Seguranças uniformizados delicadamente desencorajavam a corrida enquanto entrávamos exultantes. Era linda a visão do Beira-Rio. O maravilhoso e enorme palco trazendo todos os instrumentos cobertos por uma malha prateada brilhava sob o sol ainda forte daquela tarde de Porto Alegre, em uma perfeita combinação com a pintura vermelha e branca do estádio. Os felizardos compradores do pacote HotSound, que dera direito a presenciar a passagem de som, já se encontravam em frente ao palco. Cheguei a tempo de ficar junto deles, em um lugar realmente excepcional. Havia calor e luz, mas nada incomodava. Estar ali colocava o corpo naquele estado de funcionamento em que todos os incômodos cessam. Muitas pessoas se espremiam nas melhores posições, e, claro, alguns espertinhos sempre tentavam se esgueirar por baixo de nosso braço. Em geral, acho que não vale brigar por vinte ou trinta centímetros de maior proximidade ao palco, mas, naquele dia, resolvi que só me moveria se fosse para frente. Assim, de empurrão em empurrão, cheguei a um ponto bem próximo, praticamente em frente ao microfone do Paul.

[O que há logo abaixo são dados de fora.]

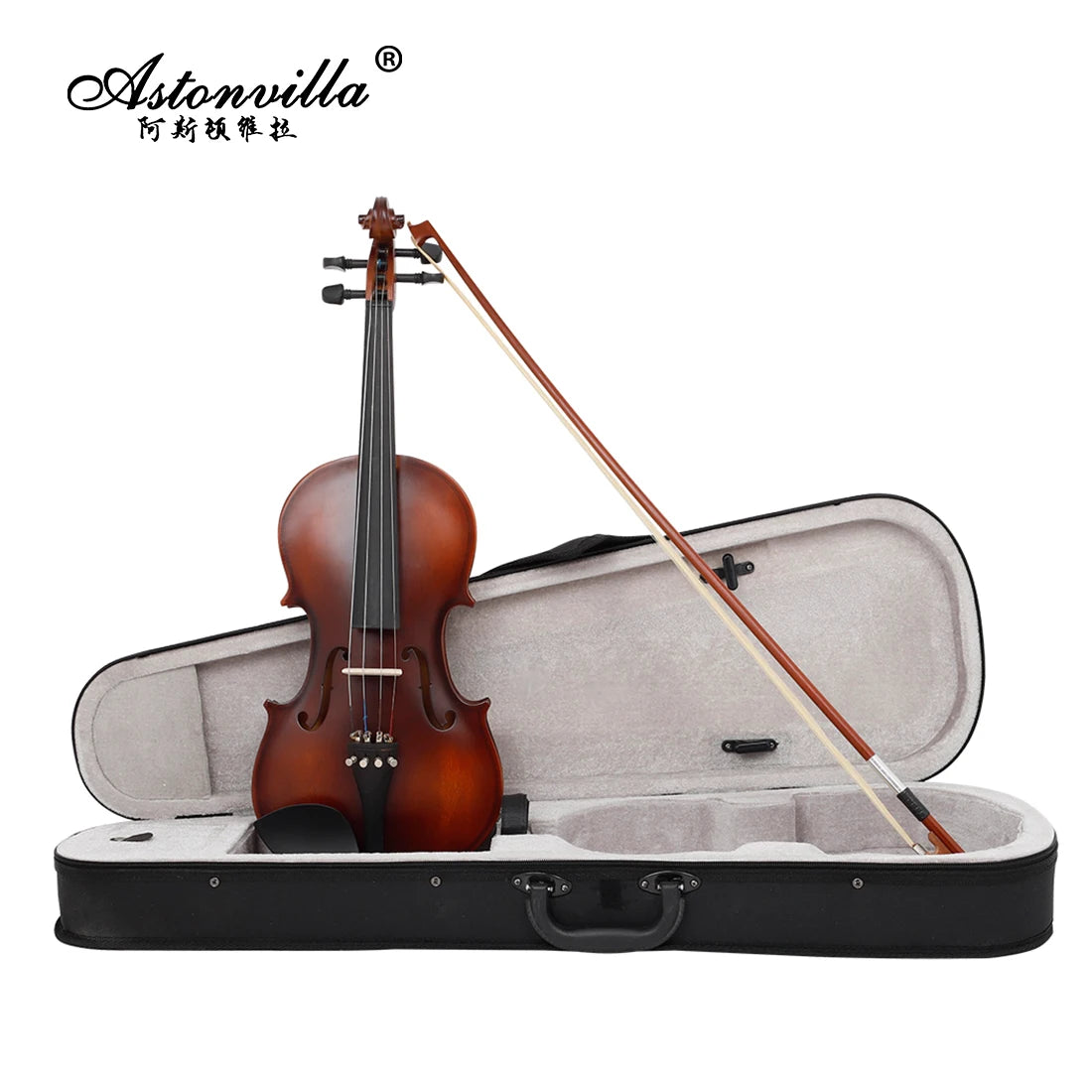 Violino Astonvilla 4/4 e 3/4 em Basswood – Conjunto Completo com Estojo e Acessórios, Instrumento Profissional para Performance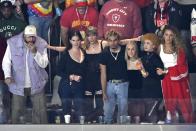 Lana Del Rey, second from left, Taylor Swift, RIOTUSA, Ashley Avignone Ice Spice, and Blake Lively watch the first half of the NFL Super Bowl 58 football game between the San Francisco 49ers and the Kansas City Chiefs on Sunday, Feb. 11, 2024, in Las Vegas. (AP Photo/David Becker)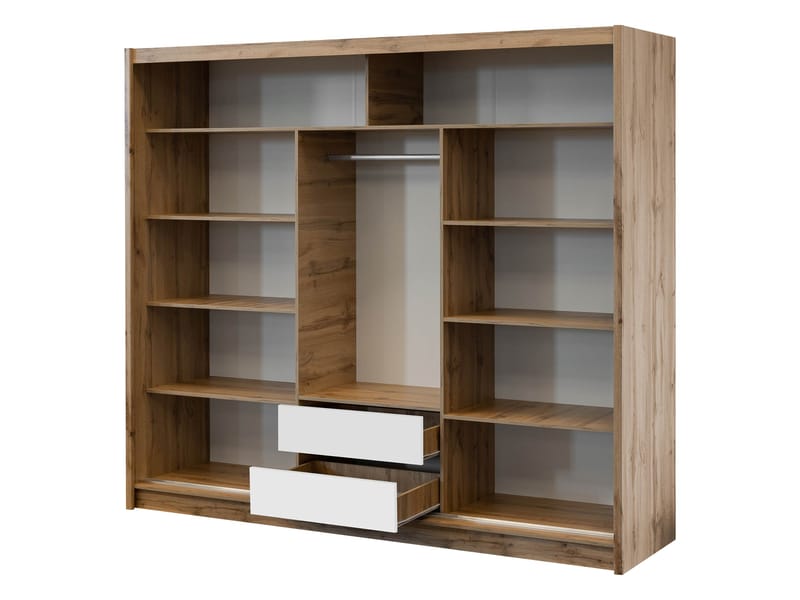 Swanley Vaatekaappi peilillä 250x215 cm - Ruskea/Valkoinen - Säilytys - Vaatesäilytys - Vaatekaappi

Pessoas falavam. Em um momento surreal, alguém me cutucou no ombro: “Você é o Guilherme Lentz?”. Tratava-se da amiga de uma aluna muito querida, e eu fui reconhecido em pleno estádio do Paul McCartney! Helicópteros sobrevoavam o local. O singelo aviãozinho vermelho que sobrevoava Porto Alegre desde a véspera continuava carregando sua mensagem: “Welcome Paul McCartney”. Pouco a pouco, a sombra avançava sobre a pista, enquanto, na marquise sobre a arquibancada, um homem solitário nos oferecia sua silhueta, desenhada pelo pôr do sol atrás do estádio. Com tudo já muito lotado, o valente Gabriel de Vitória deixou o posto que conquistara com tanto sacrifício para buscar água. Da platéia, pude ver membros da equipe do Paul manuseando vários instrumentos, inclusive o lendário violão Epiphone em que “Yesterday” foi composta e gravada e que tanta participação teve na história do Wings. Reparei que ele é diferente, com a madeira mais clara do que parece pelas fotos. Só a visão daquele instrumento histórico teria feito tudo valer a pena. Enquanto as horas passavam, eu tentava absorver o momento e me colocar em condição de usufruir da enormidade do sonho que eu estava prestes a realizar.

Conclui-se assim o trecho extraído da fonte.